#### [INSTRUCTIONS TO FOLLOW]
All lines from the one containing "2002 Toyota Highlander" to the end of the listing below should be output exactly; omit the pictures.

GIVEN MATERIAL: Begin

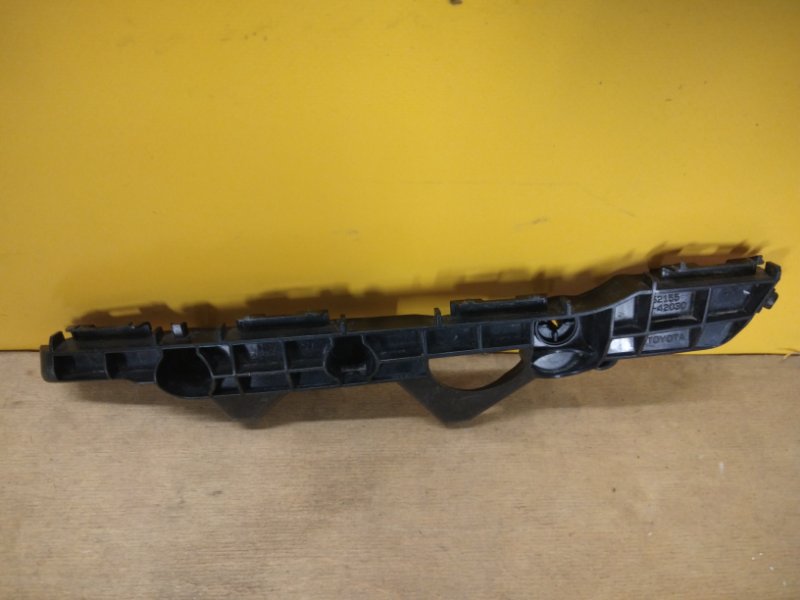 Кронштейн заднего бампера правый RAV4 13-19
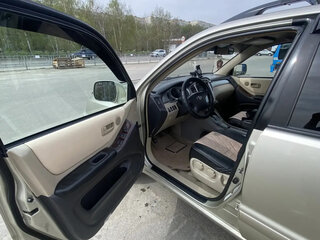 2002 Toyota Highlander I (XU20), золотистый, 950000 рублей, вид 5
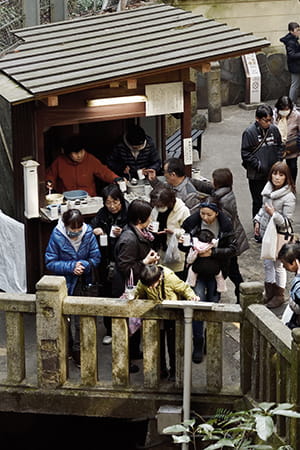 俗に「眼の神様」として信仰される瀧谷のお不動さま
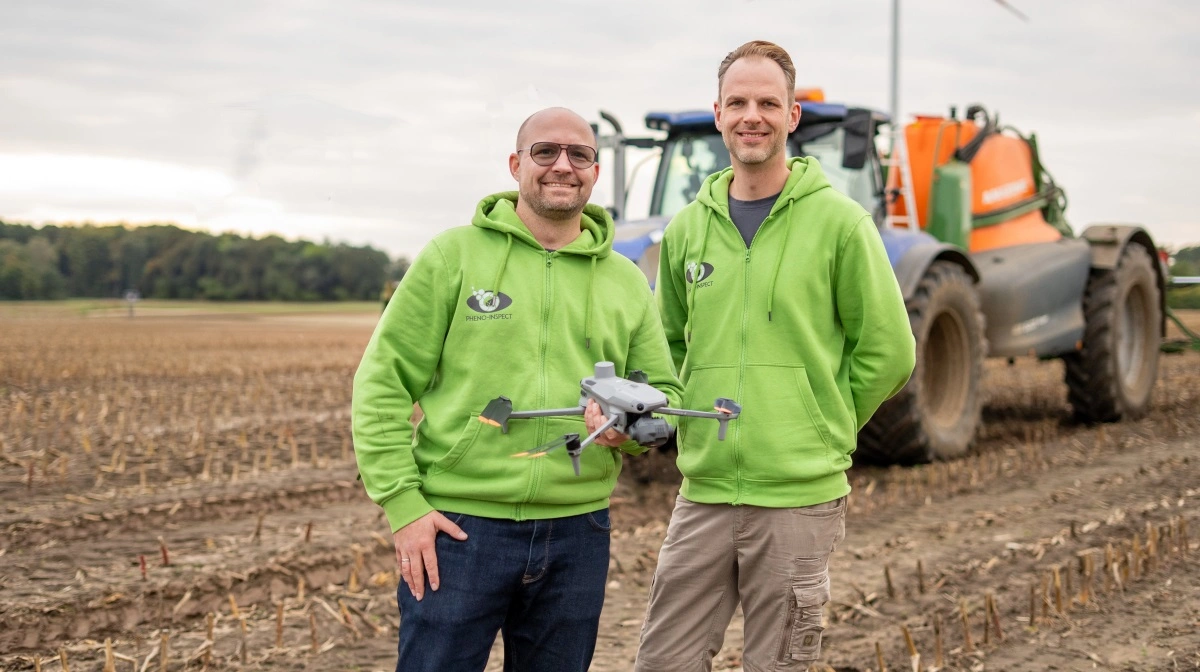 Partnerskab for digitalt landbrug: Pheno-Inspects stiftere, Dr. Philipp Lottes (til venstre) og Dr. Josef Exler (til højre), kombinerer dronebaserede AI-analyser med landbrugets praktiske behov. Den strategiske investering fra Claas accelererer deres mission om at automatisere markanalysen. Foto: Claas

GIVEN MATERIAL: End

#### [TASK SOLUTION]
 2002 Toyota Highlander I (XU20), золотистый, 950000 рублей, вид 5
 俗に「眼の神様」として信仰される瀧谷のお不動さま
 Partnerskab for digitalt landbrug: Pheno-Inspects stiftere, Dr. Philipp Lottes (til venstre) og Dr. Josef Exler (til højre), kombinerer dronebaserede AI-analyser med landbrugets praktiske behov. Den strategiske investering fra Claas accelererer deres mission om at automatisere markanalysen. Foto: Claas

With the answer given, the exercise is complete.